A nonstick skillet is perfect for sautéing fish fillets with no worries about sticking. A thin, angled slotted spatula with a slightly curved lip is very helpful for turning delicate fish.

betway电子竞技俱乐部

  • 1/3 cup coarsely chopped pitted kalamata olives
  • 1/3 cup plus 2 Tbs. extra-virgin olive oil
  • 1-1/2 Tbs. loosely packed finely grated lemon zest (from 1 large lemon)
  • 1 Tbs. fresh lemon juice
  • 1 small clove garlic, minced
  • 1/8 tsp. crushed red chile flakes
  • Kosher salt
  • 4 skin-on snapper fillets, about 6 ounces each
  • 1/3 cup flour for dredging
  • 5 oz. (5 cups loosely packed) baby arugula, washed and dried
  • 4 lemon wedges for serving

Nutritional Information

  • Nutritional Sample Size based on four servings
  • Calories (kcal) : 450
  • Fat Calories (kcal): 260
  • Fat (g): 29
  • Saturated Fat (g): 4
  • Polyunsaturated Fat (g): 3
  • Monounsaturated Fat (g): 21
  • Cholesterol (mg): 60
  • Sodium (mg): 760
  • 碳水化合物(克):10
  • Fiber (g): 1
  • Protein (g): 35

Preparation

  • Mix the olives, 1/3 cup of the oil, the lemon zest, lemon juice, garlic, and chile flakes in a small bowl with a fork; the vinaigrette doesn’t need to emulsify. Season with salt to taste.
  • Pull out any bones in the fish with needlenose pliers or tweezers. Season both sides of the fish with salt and dredge very lightly in the flour. Heat 2 Tbs. oil in a large nonstick skillet over medium heat. When hot, add two of the fillets, skin side up; cook until light golden brown, 4 to 5 min. With a thin slotted metal spatula, turn the fish and cook until the second side is lightly browned and the fish is cooked through, about 3 min. Transfer the fillets, skin side down, to a plate, cover to keep warm.
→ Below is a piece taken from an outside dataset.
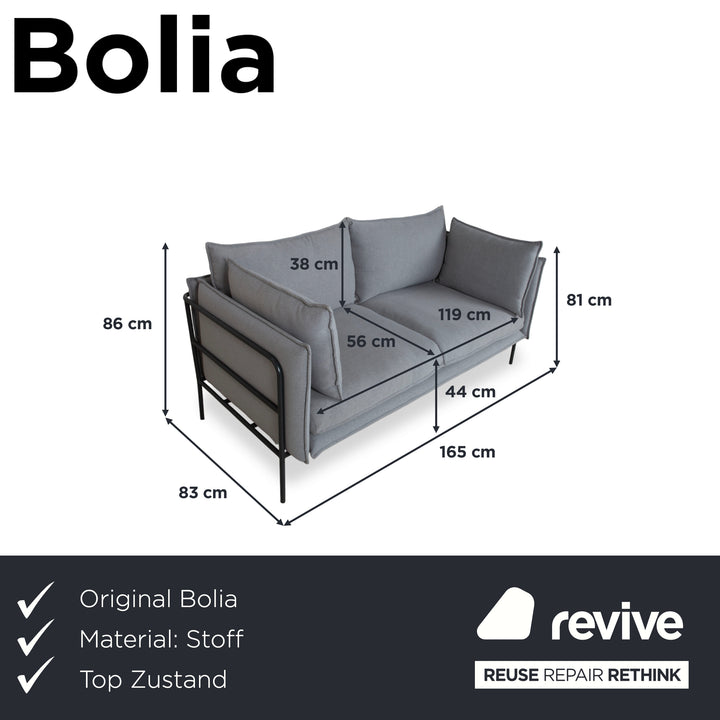Bolia Pepe Stoff Zweisitzer Grau Sofa Couch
Repeat with the remaining fillets.
  • Stir the vinaigrette, toss enough of it with the arugula to coat lightly (1 to 2 Tbs.), and portion it among four plates. Lay the fish on top, spoon the remaining vinaigrette over the fillets, and serve with a wedge of lemon.

Reviews

Rate or Review

Reviews (1 review)

  • Joyce_home| 06/08/2014

    I made the fish without dredging it in flour and it still tasted great. A simple, quick meal. Loved the vinaigrette; just not a fan of arugula. We will try it with different greens the next time.

Rate this Recipe

Write a Review

下载必威体育馆

View All

Connect

按照烹饪你的罚款favorite social networks

We hope you’ve enjoyed your free articles. To keep reading, subscribe today.

Get the print magazine, 25 years of back issues online, over 7,000 recipes, and more.